Os pesquisadores Nora Abrous, Ingo Riederer e Vicent Mouly discutiram o papel de células-tronco multipotentes, presentes no organismo, em doenças neurodegenerativas e neuromusculares

Memória e criação de novos neurônios

Em palestra com o tema ‘Neurogênese adulta: um novo capítulo na memória’, a pesquisadora do Instituto Nacional Francês de Saúde e Pesquisa Médica (Inserm) Nora Abrous destacou que a deterioração da memória na velhice pode estar ligada à queda na formação de novos neurônios, impactada pelo estresse. Experimentos realizados em camundongos pelo grupo da neurocientista mostram que quando as fêmeas são submetidas a estresse ainda na gravidez, os filhotes têm menor capacidade de gerar novos neurônios durante a vida adulta e maior chance de desenvolver falhas de memória na velhice. Por outro lado, colocar os animais em um ambiente estimulante logo após o nascimento reverte os efeitos negativos do estresse pré-natal.

“Esse fenômeno certamente ocorre de forma semelhante em seres humanos.
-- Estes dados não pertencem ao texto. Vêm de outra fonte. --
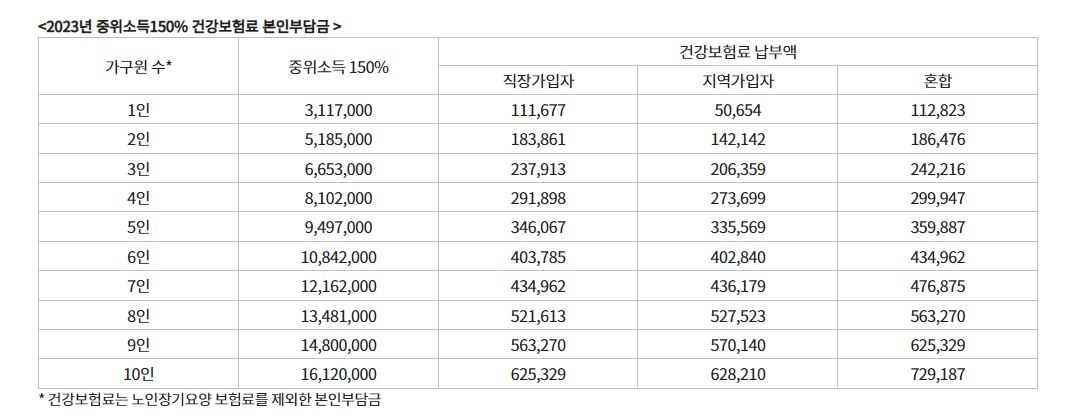 서울우먼업 프로젝트 구직지원금 신청방법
Já existem estudos clínicos indicando que eventos precoces podem afetar o feto, o que justifica o cuidado durante a gravidez. O estresse pode ser provocado, por exemplo, por uma guerra ou um terremoto e afetar o desenvolvimento da criança, levando a problemas no envelhecimento”, disse.

A chamada neurogênese do adulto ocorre a partir de células-tronco neurais, presentes no cérebro, e os novos neurônios são criados em apenas duas áreas específicas, sendo que uma delas é o hipocampo. Ligada à formação da memória, esta região é uma das primeiras afetadas pelo Alzheimer. Estudos do grupo de Abrous mostraram ainda que estas células são responsáveis pela criação de memória espacial. Segundo a pesquisadora, o trabalho agora buscará conhecer melhor as características dos neurônios gerados na vida adulta, o que pode facilitar o desenvolvimento de drogas mais eficazes contra as doenças que afetam a memória.
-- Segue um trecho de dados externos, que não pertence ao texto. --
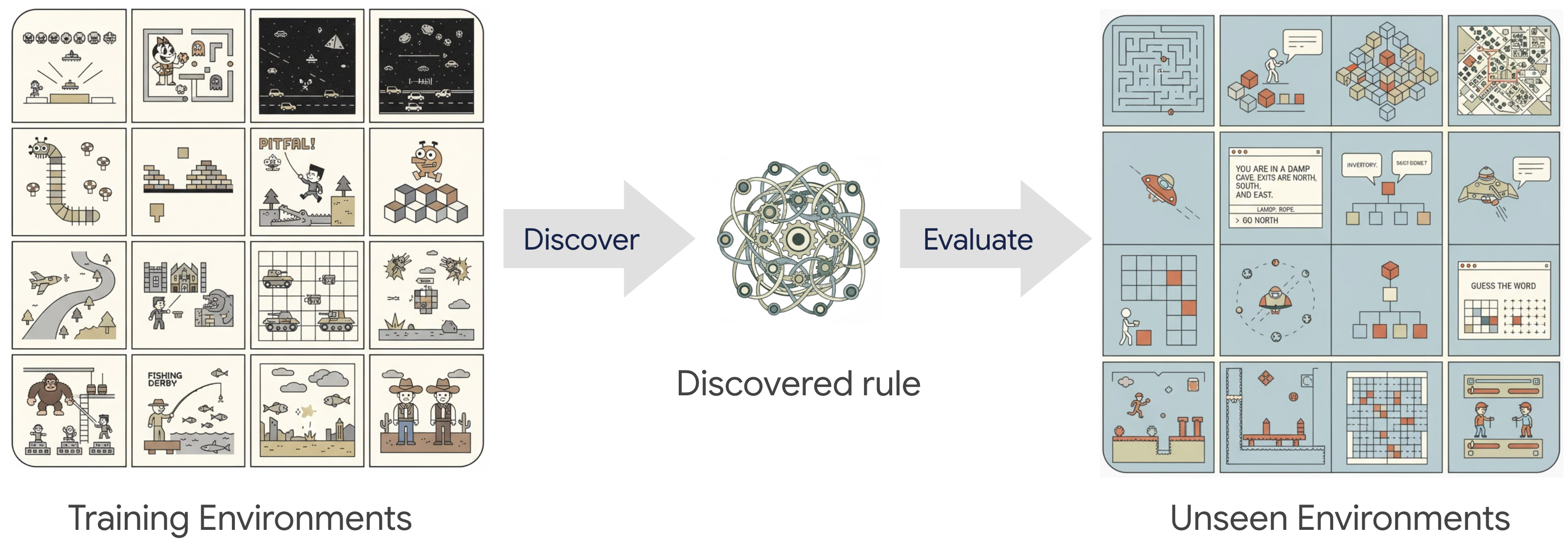 DiscoRL Discovery Pipeline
Terapia celular contra doenças neuromusculares

As distrofias musculares são doenças genéticas que causam degeneração dos músculos, levando à fraqueza progressiva. Até hoje sem cura, estas patologias estão no foco das pesquisas sobre terapia celular apresentadas pelos pesquisadores Ingo Riederer, do Laboratório de Pesquisa sobre o Timo do IOC, e Vincent Mouly, da Universidade Pierre e Marie Curie (UPMC), da França.

Gutemberg Brito

Ingo Riederer: “Se conseguirmos entender os problemas na terapia celular contra distrofias, poderemos buscar drogas ou novas estratégias que melhorem a eficácia deste tratamento.”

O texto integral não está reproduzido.